Des navettes pour compenser les lacunes
De vrais progrès ont été faits sur d'autres lignes, notamment les RER et Transiliens. Ile-de-France Mobilités promet 268 gares adaptées à l'accueil des personnes en fauteuil d'ici à 2025 (sans s'engager pour un nombre d'ici aux Jeux) et revendique d'avoir déjà rendu les RER A et B 100% accessibles, même si le système demande de prévenir en avance les agents en station. Le réseau de bus a aussi fait l'objet d'aménagements, notamment pour surélever les trottoirs au niveau des rampes d'accès des véhicules.
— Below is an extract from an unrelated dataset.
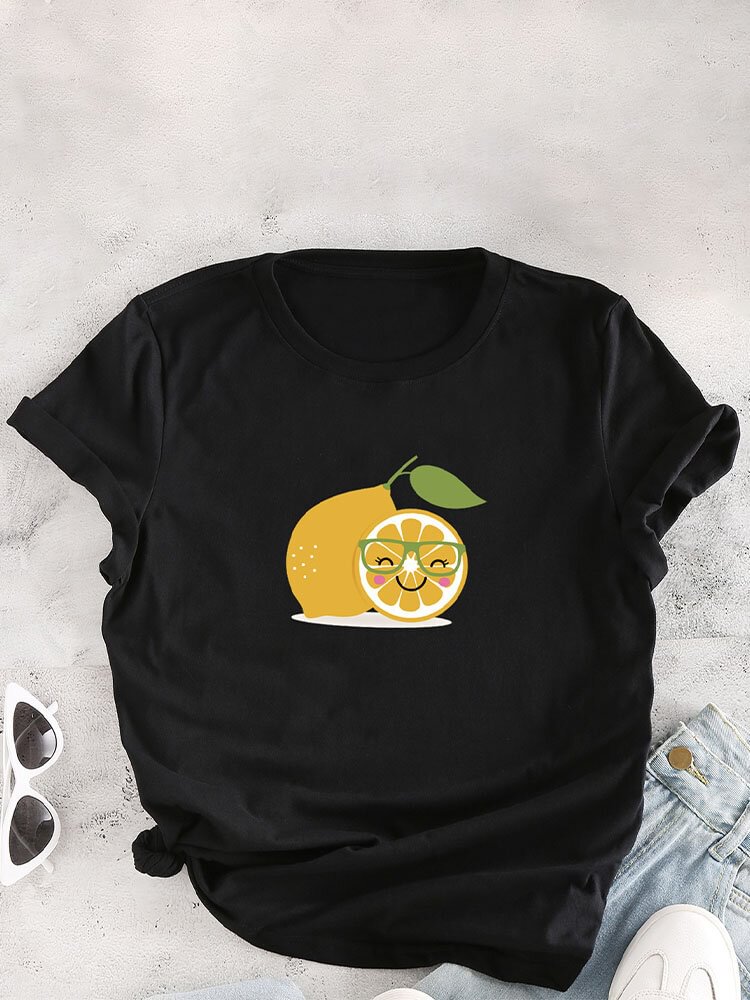 Cartoon Lemon Print O neck Short Sleeve T Shirt For Women P1825473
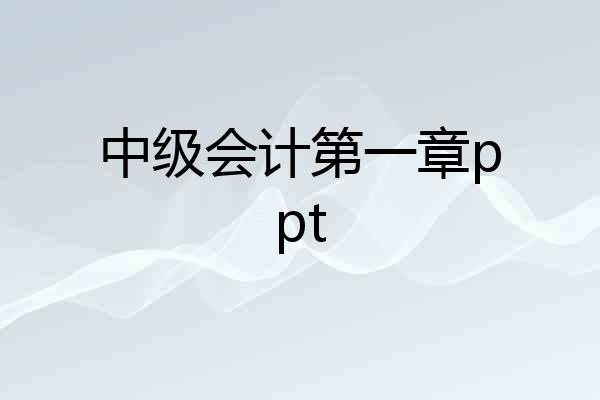 中级会计第一章ppt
En pratique, malgré ces efforts, le trop-plein de voyageurs sur les lignes qui desserviront les sites olympiques risque d'en compliquer l'accès.
"L'idée n'est pas de miser sur les transports [en commun] pour les personnes en fauteuil", reconnaissait le directeur général d'Ile-de-France Mobilités dans 20 Minutes. Pour elles, les organisateurs comptent mettre en place un système de navettes, que les spectateurs concernés devront réserver, et qui relieront les sites sportifs et les six grandes gares parisiennes. Mais sa mise en place pose encore des questions : par quel moyen les personnes rejoindront-elles les points de départ des navettes ? Celles-ci circuleront-elles aux horaires les plus tardifs des épreuves ? Et surtout, où trouver suffisamment de véhicules adaptés, alors que l'offre existante doit déjà répondre aux autres besoins ?
L'organisation devra se montrer incitative, comme le gouvernement l'a été avec les taxis, par exemple. Une aide a été votée par l'Assemblée nationale pour financer jusqu'à 40% l'acquisition par les chauffeurs ou leurs compagnies de véhicules adaptés aux fauteuils roulants. Avec l'objectif, ambitieux, de passer de 200 à 1 000 véhicules d'ici aux Jeux. "Cela reste un pansement sur une jambe de bois", regrette Juliette Pinon, chargée de mission sur les Jeux au sein de l'Uriopss Ile-de-France, qui regroupe des associations du secteur social et sanitaire. "Ces taxis resteront après 2024, mais ils auront un coût pour la personne", qui pourrait être bien supérieur à celui des transports en commun. Reste que cette évolution de l'offre pourrait "constituer un héritage" de l'événement, espérait la ministre des Sports, Amélie Oudéa-Castéra, en 2022. Et rendre Paris durablement plus accueillant pour les visiteurs en situation de handicap.